→ WHAT NEEDS TO BE DONE: Every line of the listing is to be printed again exactly.

→ DATASET EXTRACT:
****
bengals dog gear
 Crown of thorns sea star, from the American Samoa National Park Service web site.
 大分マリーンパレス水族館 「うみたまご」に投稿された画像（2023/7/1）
****
→ ANSWER SPACE:
bengals dog gear
 Crown of thorns sea star, from the American Samoa National Park Service web site.
 大分マリーンパレス水族館 「うみたまご」に投稿された画像（2023/7/1）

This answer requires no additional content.